Critical Accounting Policies
In the notes to the audited financial statements for the year ended December 31, 2011 included in our
Form 10-K, the Company discussed those accounting policies that are considered to be significant in
determining the results of operations and our financial position. The Company believes that the
accounting principles we utilized conform to accounting principles generally accepted in the United
States of America.
The preparation of financial statements requires our management to make significant estimates and
judgments that affect the reported amounts of assets, liabilities, revenues and expenses. By their nature,
these judgments are subject to an inherent degree of uncertainty. On an on-going basis, we evaluate
estimates. We base our estimates on historical experience and other facts and circumstances that are
believed to be reasonable, and the results form the basis for making judgments about the carrying value of
assets and liabilities. The actual results may differ from these estimates under different assumptions or
conditions. With respect to revenue recognition, we apply the following critical accounting policies in the
preparation of our financial statements.
Revenue Recognition
The Company intends to generate revenue through the sale of its products on a private, commercial, and
industrial basis. Revenue from product sales is recognized at the time the product is shipped and invoiced
and collectability is reasonably assured. The Company believes that certain revenue should be recognized
as title passes to the customer at the time of shipment.
Going Concern
The Companys auditors have expressed an opinion as to the Companys ability to continue as a going
concern as a result of an accumulated deficit of $3,712,641 as of December 31, 2011 which increased to
$3,744,405 as of June 30, 2012. The Companys ability to continue as a going concern is subject to the
ability of the Company to realize a profit and/or obtain funding from outside sources. Managements plan
to address the Companys ability to continue as a going concern includes: (i) obtaining funding from the
private placement of debt or equity; and (ii) realizing revenues from the sale of Wing Houses or
prospectively from the operations of EMP. Management believes that it will be able to obtain funding to
allow the Company to remain a going concern through the methods discussed above, though there can be
no assurances that such methods will prove successful.

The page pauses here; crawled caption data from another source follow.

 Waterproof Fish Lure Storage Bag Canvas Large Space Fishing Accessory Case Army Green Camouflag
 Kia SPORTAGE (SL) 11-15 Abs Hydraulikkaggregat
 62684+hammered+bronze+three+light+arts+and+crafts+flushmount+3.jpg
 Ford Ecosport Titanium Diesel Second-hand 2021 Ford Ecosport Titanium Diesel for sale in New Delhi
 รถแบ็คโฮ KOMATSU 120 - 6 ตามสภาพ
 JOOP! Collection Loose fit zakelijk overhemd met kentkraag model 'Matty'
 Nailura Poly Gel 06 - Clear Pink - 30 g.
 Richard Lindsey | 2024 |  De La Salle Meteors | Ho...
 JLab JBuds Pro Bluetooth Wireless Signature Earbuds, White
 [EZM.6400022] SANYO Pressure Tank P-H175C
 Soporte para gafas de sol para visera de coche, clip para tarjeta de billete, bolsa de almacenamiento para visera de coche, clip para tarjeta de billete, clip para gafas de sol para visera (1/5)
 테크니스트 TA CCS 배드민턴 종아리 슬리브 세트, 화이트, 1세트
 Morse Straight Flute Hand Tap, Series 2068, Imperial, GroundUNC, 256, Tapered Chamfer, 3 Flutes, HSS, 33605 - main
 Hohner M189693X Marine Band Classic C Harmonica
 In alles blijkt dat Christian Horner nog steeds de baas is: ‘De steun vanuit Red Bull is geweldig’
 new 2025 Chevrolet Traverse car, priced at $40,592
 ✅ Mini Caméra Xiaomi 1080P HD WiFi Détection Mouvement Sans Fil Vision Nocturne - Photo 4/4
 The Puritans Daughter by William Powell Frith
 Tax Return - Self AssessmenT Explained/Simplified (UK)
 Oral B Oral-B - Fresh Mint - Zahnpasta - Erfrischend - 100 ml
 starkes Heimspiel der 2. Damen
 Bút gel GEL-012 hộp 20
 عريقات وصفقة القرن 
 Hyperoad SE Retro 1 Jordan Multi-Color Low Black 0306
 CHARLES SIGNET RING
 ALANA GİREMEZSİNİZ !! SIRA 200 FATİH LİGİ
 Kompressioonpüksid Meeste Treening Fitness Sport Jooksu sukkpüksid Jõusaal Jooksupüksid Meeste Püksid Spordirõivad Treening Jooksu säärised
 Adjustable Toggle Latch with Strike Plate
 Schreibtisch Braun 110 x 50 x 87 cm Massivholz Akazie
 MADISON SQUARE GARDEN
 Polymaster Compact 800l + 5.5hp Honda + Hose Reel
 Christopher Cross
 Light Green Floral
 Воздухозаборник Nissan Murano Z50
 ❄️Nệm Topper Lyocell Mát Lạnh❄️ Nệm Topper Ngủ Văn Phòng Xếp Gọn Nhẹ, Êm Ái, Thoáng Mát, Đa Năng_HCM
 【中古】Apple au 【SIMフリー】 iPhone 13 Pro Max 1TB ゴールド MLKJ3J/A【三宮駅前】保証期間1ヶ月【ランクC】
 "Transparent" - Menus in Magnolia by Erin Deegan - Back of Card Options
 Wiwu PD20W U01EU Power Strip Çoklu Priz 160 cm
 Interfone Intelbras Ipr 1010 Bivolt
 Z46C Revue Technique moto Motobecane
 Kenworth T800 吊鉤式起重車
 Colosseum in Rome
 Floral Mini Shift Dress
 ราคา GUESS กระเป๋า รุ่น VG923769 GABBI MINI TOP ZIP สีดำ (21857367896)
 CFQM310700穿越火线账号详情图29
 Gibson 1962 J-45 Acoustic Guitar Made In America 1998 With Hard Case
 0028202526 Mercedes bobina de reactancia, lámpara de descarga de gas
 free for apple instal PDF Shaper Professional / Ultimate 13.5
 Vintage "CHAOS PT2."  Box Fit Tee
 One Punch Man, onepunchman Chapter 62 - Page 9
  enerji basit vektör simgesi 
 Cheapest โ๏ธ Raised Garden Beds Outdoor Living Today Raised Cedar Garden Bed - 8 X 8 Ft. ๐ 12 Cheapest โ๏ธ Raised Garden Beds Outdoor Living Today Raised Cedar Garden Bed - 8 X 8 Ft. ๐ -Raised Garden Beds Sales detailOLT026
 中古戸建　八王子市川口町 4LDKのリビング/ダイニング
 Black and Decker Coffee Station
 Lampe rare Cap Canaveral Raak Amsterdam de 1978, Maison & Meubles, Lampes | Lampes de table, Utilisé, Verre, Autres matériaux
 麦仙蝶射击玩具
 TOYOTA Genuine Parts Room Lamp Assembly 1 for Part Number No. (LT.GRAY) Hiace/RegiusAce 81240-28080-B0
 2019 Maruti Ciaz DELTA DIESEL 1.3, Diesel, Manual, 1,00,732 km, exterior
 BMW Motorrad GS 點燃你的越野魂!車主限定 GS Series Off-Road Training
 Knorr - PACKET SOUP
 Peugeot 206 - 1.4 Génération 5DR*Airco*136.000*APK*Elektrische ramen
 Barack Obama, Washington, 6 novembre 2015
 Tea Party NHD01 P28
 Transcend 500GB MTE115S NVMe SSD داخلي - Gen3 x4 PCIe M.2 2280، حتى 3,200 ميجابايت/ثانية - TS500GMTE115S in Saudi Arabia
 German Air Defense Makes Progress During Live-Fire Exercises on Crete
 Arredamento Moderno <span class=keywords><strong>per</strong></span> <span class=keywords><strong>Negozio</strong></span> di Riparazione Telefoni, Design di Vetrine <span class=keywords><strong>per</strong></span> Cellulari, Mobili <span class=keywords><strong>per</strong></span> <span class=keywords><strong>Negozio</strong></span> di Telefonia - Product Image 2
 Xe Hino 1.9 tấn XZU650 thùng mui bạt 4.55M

Forward Looking Statements and Factors That May Affect Future Results and Financial Condition
The statements contained in the section titled Managements Discussion and Analysis of Financial
Condition and Results of Operations and elsewhere in this current report, with the exception of historical
facts, are forward looking statements. Forward looking statements reflect our current expectations and
beliefs regarding our future results of operations, performance, and achievements. These statements are
15
subject to risks and uncertainties and are based upon assumptions and beliefs that may or may not
materialize. These statements include, but are not limited to, statements concerning:
our anticipated financial performance;
the sufficiency of existing capital resources;
our ability to fund cash requirements for future operations;
uncertainties related to the growth of our business and the acceptance of our products and
services;
our ability to achieve and maintain an adequate customer base to generate sufficient revenues to
maintain and expand operations;
the volatility of the stock market; and,
general economic conditions.
We wish to caution readers that our operating results are subject to various risks and uncertainties that
could cause our actual results to differ materially from those discussed or anticipated including the factors
set forth in the section entitled Risk Factors included elsewhere in this report. We also wish to advise
readers not to place any undue reliance on the forward looking statements contained in this report, which
reflect our beliefs and expectations only as of the date of this report. We assume no obligation to update
or revise these forward looking statements to reflect new events or circumstances or any changes in our
beliefs or expectations, other than as required by law.
Stock-Based Compensation
The Company has adopted Accounting Standards Codification Topic (ASC) which addresses the
accounting for stock-based payment transactions in which an enterprise receives employee services in
exchange for (a) equity instruments of the enterprise or (b) liabilities that are based on the fair value of the
enterprises equity instruments or that may be settled by the issuance of such equity instruments.
The Company has no outstanding stock options or related stock option expense.
We account for equity instruments issued in exchange for the receipt of goods or services from other than
employees in accordance with ASC 505. Costs are measured at the estimated fair market value of the
consideration received or the estimated fair value of the equity instruments issued, whichever is more
reliably measurable. The value of equity instruments issued for consideration other than employee
services is determined on the earliest of a performance commitment or completion of performance by the
provider of goods or services.
Recent Accounting Pronouncements
Please see Note 3 to our financial statements for recent accounting pronouncements.
ITEM 3. QUANTITATIVE AND QUALITATIVE DISCLOSURES ABOUT MARKET RISK
Not required.
ITEM 4. CONTROLS AND PROCEDURES
Evaluation of Disclosure Controls and Procedures
16
In connection with the preparation of this report on Form 10-Q, an evaluation was carried out by the Companys
management, with the participation of the chief executive officer and the chief financial officer, of the
effectiveness of the Companys disclosure controls and procedures (as defined in Rules 13a-15(e) and 15d-15(e)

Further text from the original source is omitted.